Usually, movies with names like this one has – titles that stir up all sorts of ideas in the back of your imagination about what possible absurdities and madness lie within – don’t deliver and if they do it’s one scene out of twenty, at best. It’s a holdover from the era when VHS ran the game and cover art Russian roulette was the order of the day I guess. Either that or it’s because it’s way easier to come up with a cool sounding name than it is a story to actually support that name – see The Bunnyman Massacre. In a welcome turn of events,The Greasy Strangler actually delivers on its title’s promise for the most part. The Greasy Strangler feels like Napoleon Dynamite meeting Hobo with a Shotgun for some acid and crack in a darkened doorway down on East Hastings.
The Greasy Strangler is much more of a comedy than horror, despite what its violence promising title might have you believe. Another welcome turn of events because let’s face it, we have more than enough generic “killer in the shadows” movies filling our movie shelves and streaming queues. We need something bizarre right now (outside of the complete absurdity of real life right now), and this movie is just that, whether we can handle it or not. Especially if we can’t handle it. Following a father and son team who lead “disco tours” (see: ripping tourists off and walking them around a run down neighbourhood spouting that the Bee-Gee’s hung out “in that very doorway” and other absurdities) and reside in near squalor; the American Dream realized. Being that the point of the movie isn’t for us to wonder who the killer is, that particular sheet is lifted in the first few minutes.
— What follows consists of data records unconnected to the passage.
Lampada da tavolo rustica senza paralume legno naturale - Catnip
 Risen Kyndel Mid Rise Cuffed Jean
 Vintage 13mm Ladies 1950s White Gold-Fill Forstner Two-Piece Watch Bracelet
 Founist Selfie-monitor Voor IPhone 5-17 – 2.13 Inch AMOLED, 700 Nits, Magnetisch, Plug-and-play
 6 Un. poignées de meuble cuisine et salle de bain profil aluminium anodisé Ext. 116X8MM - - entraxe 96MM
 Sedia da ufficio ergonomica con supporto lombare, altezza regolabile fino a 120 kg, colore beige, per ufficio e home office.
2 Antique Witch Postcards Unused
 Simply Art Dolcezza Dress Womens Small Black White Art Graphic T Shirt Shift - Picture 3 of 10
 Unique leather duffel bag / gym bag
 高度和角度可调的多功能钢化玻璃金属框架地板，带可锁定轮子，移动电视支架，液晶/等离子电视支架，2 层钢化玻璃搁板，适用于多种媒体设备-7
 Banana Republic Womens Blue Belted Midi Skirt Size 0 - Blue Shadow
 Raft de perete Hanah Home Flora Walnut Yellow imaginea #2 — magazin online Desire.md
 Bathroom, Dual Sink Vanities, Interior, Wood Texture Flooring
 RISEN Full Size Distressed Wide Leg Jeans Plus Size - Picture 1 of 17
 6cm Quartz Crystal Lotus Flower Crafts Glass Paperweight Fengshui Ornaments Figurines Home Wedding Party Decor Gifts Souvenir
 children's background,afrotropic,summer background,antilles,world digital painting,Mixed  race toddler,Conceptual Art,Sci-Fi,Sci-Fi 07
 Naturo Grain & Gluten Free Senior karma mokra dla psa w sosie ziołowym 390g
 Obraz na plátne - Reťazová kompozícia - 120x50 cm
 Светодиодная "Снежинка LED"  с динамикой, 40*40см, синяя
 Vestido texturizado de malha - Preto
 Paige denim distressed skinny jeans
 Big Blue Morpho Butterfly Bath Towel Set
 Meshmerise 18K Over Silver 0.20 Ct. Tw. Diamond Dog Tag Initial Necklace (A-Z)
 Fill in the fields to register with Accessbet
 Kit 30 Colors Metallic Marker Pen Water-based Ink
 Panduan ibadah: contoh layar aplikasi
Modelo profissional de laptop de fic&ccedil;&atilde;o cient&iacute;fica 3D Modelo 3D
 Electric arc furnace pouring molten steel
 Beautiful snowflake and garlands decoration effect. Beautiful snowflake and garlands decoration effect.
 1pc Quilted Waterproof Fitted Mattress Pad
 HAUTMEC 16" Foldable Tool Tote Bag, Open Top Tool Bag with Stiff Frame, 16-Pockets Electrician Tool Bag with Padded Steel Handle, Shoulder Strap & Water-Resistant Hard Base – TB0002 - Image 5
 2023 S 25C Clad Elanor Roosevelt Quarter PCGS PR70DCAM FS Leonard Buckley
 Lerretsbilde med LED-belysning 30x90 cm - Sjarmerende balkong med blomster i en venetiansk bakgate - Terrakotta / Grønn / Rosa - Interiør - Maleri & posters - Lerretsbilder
You see, dear old Dad seems to have a penchant for strangling anyone and everyone who he disagrees with, which is almost everyone he crosses paths with except for his son.
The Stranglers son functions as his business partner, room mate, caretaker and grease sloper, all while being the constant target of abuse and ridicule. Their world is upset though with the introduction of a “hootie tootie disco cutie” by the name of Janet, causing a power struggle as the younger of the gruesome twosome realizes that there might just be life beyond his current existence. He quickly falls for her, because pretty much anything is better than dispensing grease for your Ronnie James Dio in his twilight years look-alike dad. Needless to say there are plenty of gratuitous nude scenes, complete with micro AND painfully inflamed looking peni. There’s actually an unapologetic amount of dick,ass and tits in this movie, which you would think would have a desensitizing effect but it didn’t really for the DIAG crew present. For every micro or red and inflamed penis that filled the screen, our discomfort grew in equal measure.
When The Greasy Strangler decides to let its horror side show, it manages to be gruesome without sacrificing its humour. Not hard when your humour is coal black, but worth noting. Sometimes black humour can just come across as edgelord fuel but that isn’t the case here thankfully. The kills use the mechanics you would expect given the title, but the set ups to them and subsequent clean up make up for the lack of variety. The Greasy Strangler isn’t for everyone, but this movie is too weird to pass up at least giving it a try. Even if you don’t make it through, I’m sure you will witness some memorable shit, for better or worse.